The company policy where I am doesn't specifically ban them. It says something like, "electronic media may be used for personal business as long as the use does not constitute a conflict of interest" with my company and "as long as it does not interfere with getting your work done." IOW big fat loopholes exist. So all you need is to have one person get a "cute" email from her Mom and send it to two friends and you're off to the races. *sigh* I'll never forget the time someone (I assume) accidentally replied all to the entire company mailing list with one of those things. I'm not sure which was the worst -- the original email or all the angry reply alls which asked people to stop sending them. Aaargh.
I'm not aware of any policies or rules here about it. My take is that it's just cultural. The bottom line here is pretty serious - there are people's lives literally at stake as an outcome of our actions, and the work is intense. I know that sending out a chain email would instantly harm my credibility, regardless of there being a policy. Not the thing to do if one has one's eye on a promotion, in these parts.
Yeah. I think it's cultural as well. When I worked in R&D, I never, ever got one of those emails, unless it was from my mother (whom I convinced to cut it out already.) Now I work in a softer discipline and the dadburned emails are rampant.
I can imagine it would offer a political nuance that would need to be respected if one's own boss were sending those out, lolz.

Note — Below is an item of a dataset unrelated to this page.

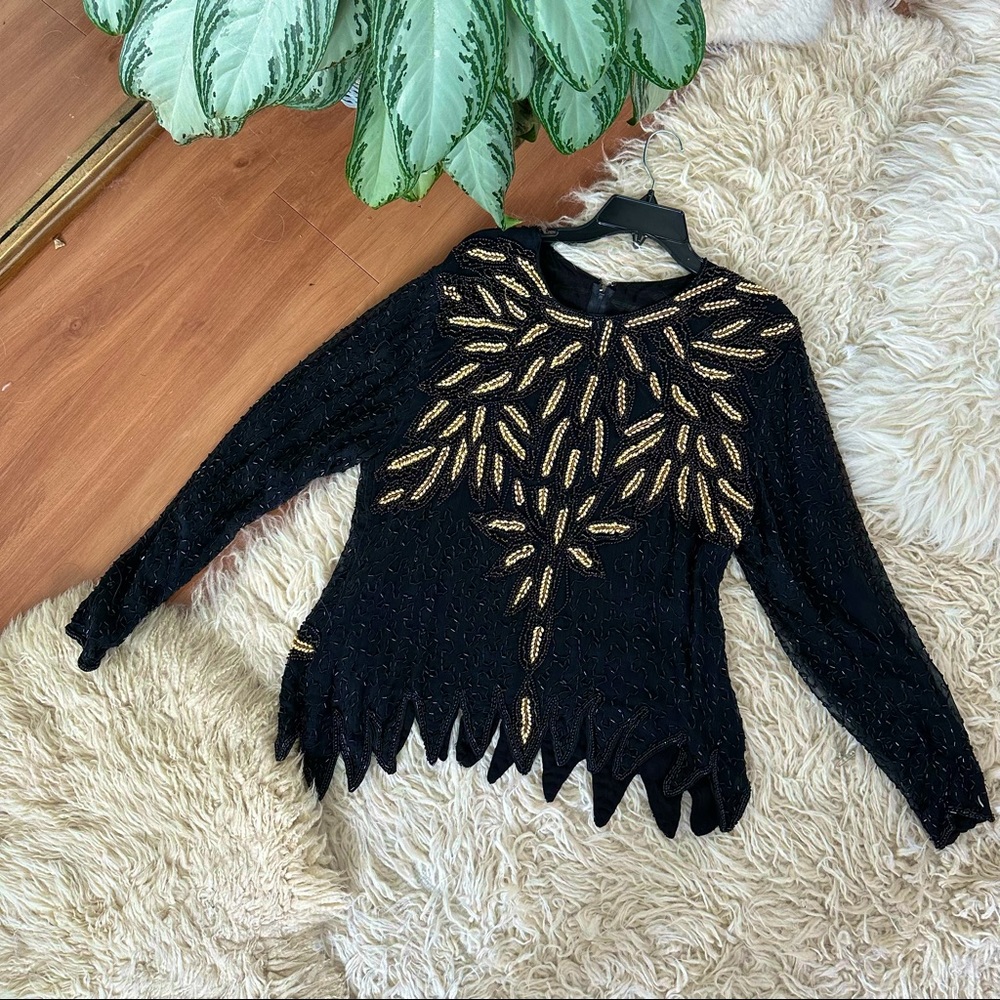 Vintage Fully Beaded Top - Small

Still don't like this new DF. As soon as I log in I can't read the posts; the writing gets banded horizontally . And right now I can't actually tell what thread I'm in :-/
Lol. Yes, you're right. Almost 14 years in; I'm not changing things now. I'd switch jobs, sections, divisions, and departments...but I'm a lifer. And proud of it, actually.
I understand that. Not surprised to hear it. Just make sure nobody comes along and moves your cheese.
quite so, so DF takes up the Microsoft Windows motto "If it aint broke, fix it with something "better""
What!?!? You didn't "bite?" Who Moved My Cheese was an allegory that was super popular in the business world around the time you started working where you are now, P. For some reason, the author likened the typical worker to a rat in a maze. Can't imagine why. He suggested that we all get cmfortable in our little work mazes, scurrying along the same paths to get our rewards (cheese could be money, prestige, security, job satisfaction, etc.) But sometimes organizational change comes along and shakes everything up, and the cheese we're used to finding is no longer where it used to be. Given my own experience (which is not the same as yours and may not be typical,) I would be careful about expecting any job situation to be lifelong.